Week 5: Creating convincing characters
• Read about four ways to create characters
• Do a quiz about Novakovich’s methods of creating characters
• Discover the effect of ‘conflict’ on your writing
• Learn how to turn stereotypes into rounded characters
• Review work from fellow writers
• Receive feedback from other writers.

Interesting: Receiving feedback from fellow writers. At the beginning of the course, learners were offering feedback in a rather unorganized way. This week, I was fortunate to have a few peer reviews that were structured and very helpful.

Uninteresting: I continue to find the quizzes rather "fragile".

Week 6: Developing and portraying characters
• Listen to novelists on developing their characters
• Investigate ways of getting to know more about your characters
• Read a short story to see how characters are portrayed
• Learn four ways of portraying characters
• Experiment with one or more of these methods
• Start writing the first draft of your final short story.

Interesting: It was very interesting to see the methods accomplished writers used to portray their characters.

Uninteresting: Writing the first draft of my story is something I've been struggling with, oddly enough. I am usually fast in planning a story and even faster in writing it. My gut-feeling tells me the reason why this is happening is the fact that I fail to recognize a logical sequencing in the tasks suggested in the course. Some seem to be "out of place" and others quite repetitive.
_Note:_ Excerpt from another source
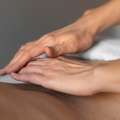 Why Your Body Feels Heavier In A Dubai Summer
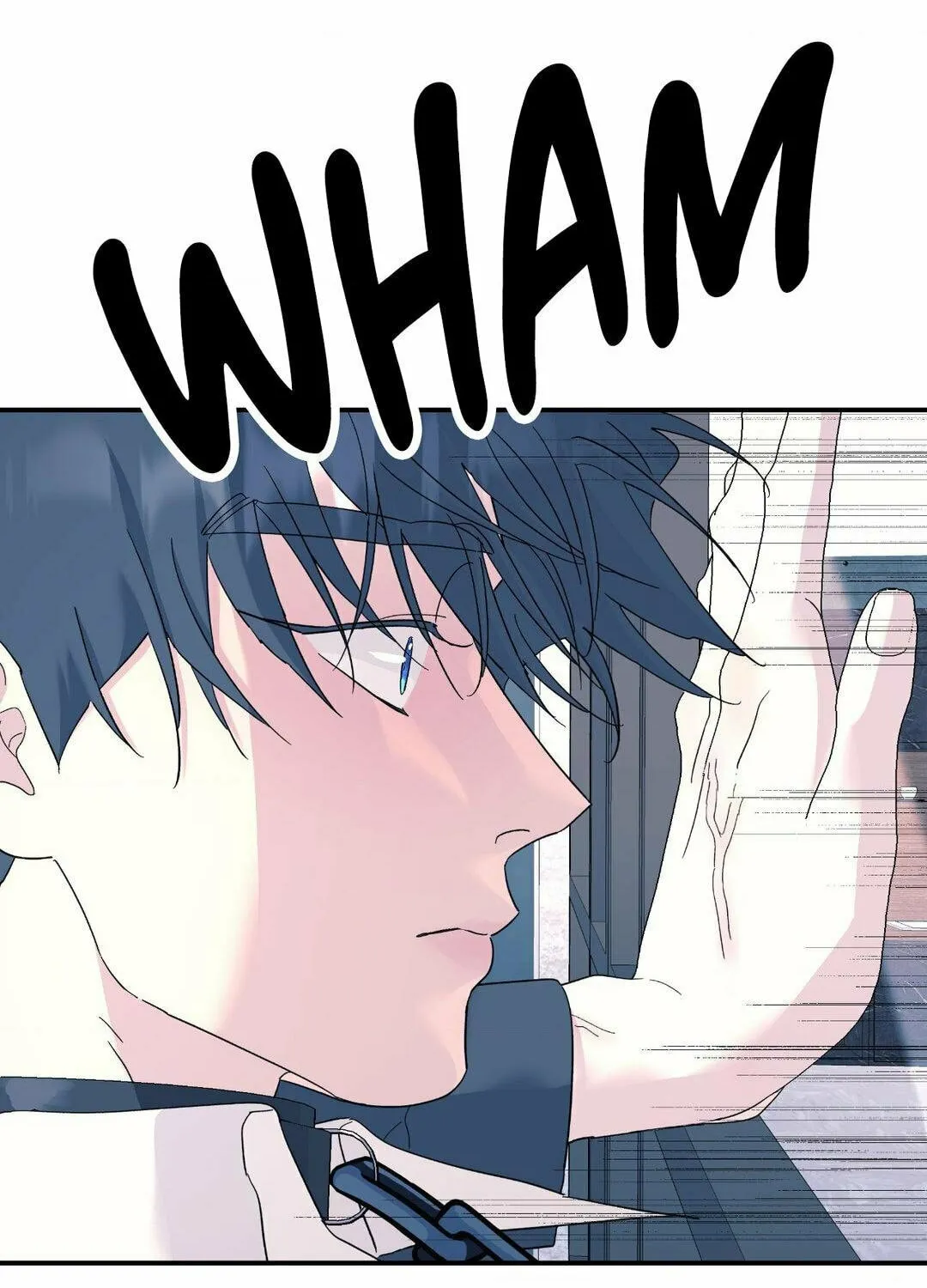 Read A Tree Without Roots chapter 54 image 94 on Lezhin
What should have led to this moment, writing the first draft of the story, didn't... At least for me...

Week 7: Reading as a writer
• Listen to novelists on how important reading is for them
• Note your responses to what you read
• Read a novel extract, investigating its technique
• Do a quiz about the reading from Toni Morrison’s Jazz
• Review the first draft of your short story and redraft
• Learn of the benefits of reviewing other work.

Interesting: Reading other writers' work is, in my opinion, extremely important. I have found myself having no time to read, for some reason, and noticing immediately that my writing becomes more difficult, more confusing and in need of a lot more reviewing.
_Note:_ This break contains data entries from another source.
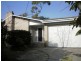 3 Baden Powell Drive, Frankston South VIC 3199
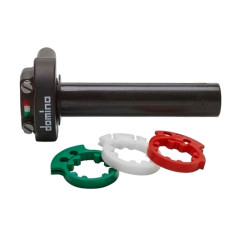 Acelerador XM2 DOMINO - Yamaha YZF-R3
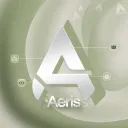 Aeris Store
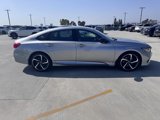 Used 2022 Honda Accord Sport image 5
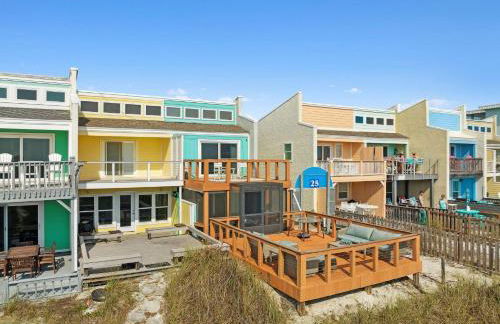 9614 Beach Blvd - Foto 3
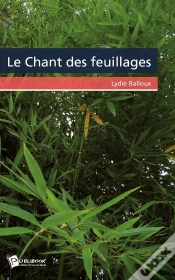 Capa do artigo Le Chant Des Feuillages
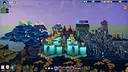 Havendock - Wizard Island DLC Screenshot 5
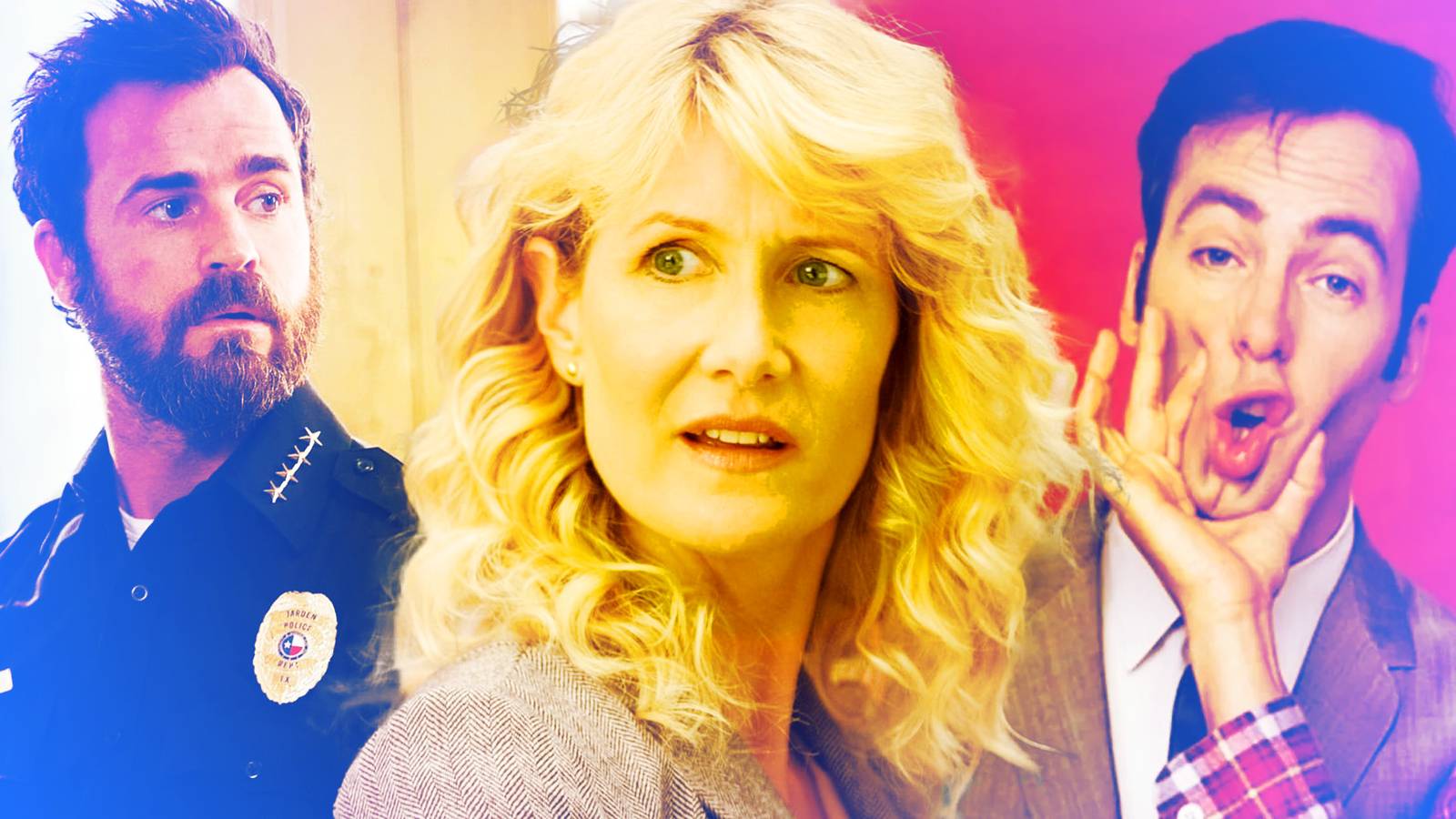 10-forgotten-hbo-shows-that-are-absolutely-worth-rewatching-today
Uninteresting: Well, it's not the first time that I mention the fact that I have been struggling with the tasks suggested by this course... This has led to a certain stand-still in my story...

Week 8: Your final story
• Review work from fellow writers
• Receive feedback from other writers
• Write a reflection on your story
• Edit and redraft your story
• Review the important tools that help you to progress as a writer
• Do a quiz about character and story and the approaches picked up on the course.

Interesting: Submission time! The story had to be ready! It wasn't... Life does tend to kick us about a bit every now and then and,as a result, I finished week 8 at the end of... week 9. So, I am not sure if there will be enough people around to take a look at my story. We'll see. PS: There are still plenty of people willing to review stories.
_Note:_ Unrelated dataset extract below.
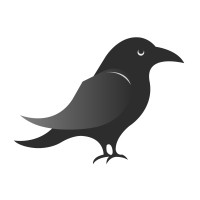 Korvo Design Agency logo - Similar company to Creative Axis | Ux/Ui Design Studio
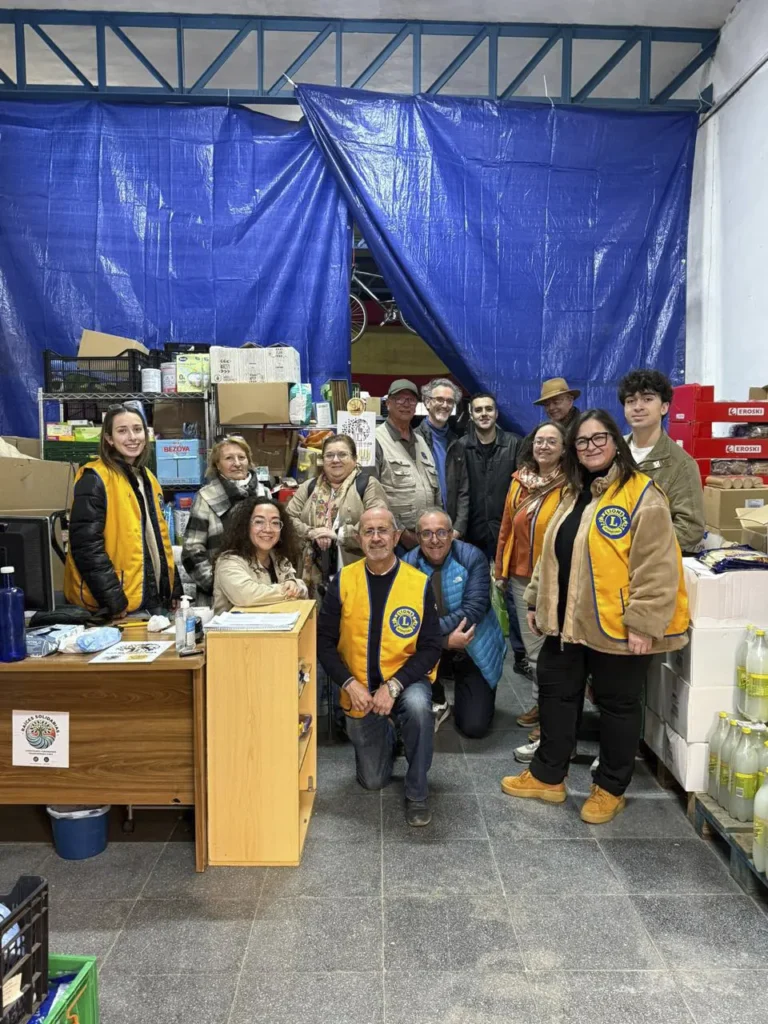 lions club elche 02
As a matter of fact, I'm doing my bit. I've reviewed two already. Writing a review is always interesting for me. It makes me reflect on the writing process without being too close to the story.

Uninteresting: Still the quizzes. They don't add anything to the course. In my opinion, they are often embarrassingly easy.

Final Comment: Apart from the weaker aspects mentioned above, I think this course did promote a more systematic reflection upon many aspects of the writing process, especially character building.

Only time will tel whether this course had a strong enough impact on my writing or not. For now, I find myself being considerably more self-conscious about my characters' portrayal. I do hope this is good and not somehow constricting!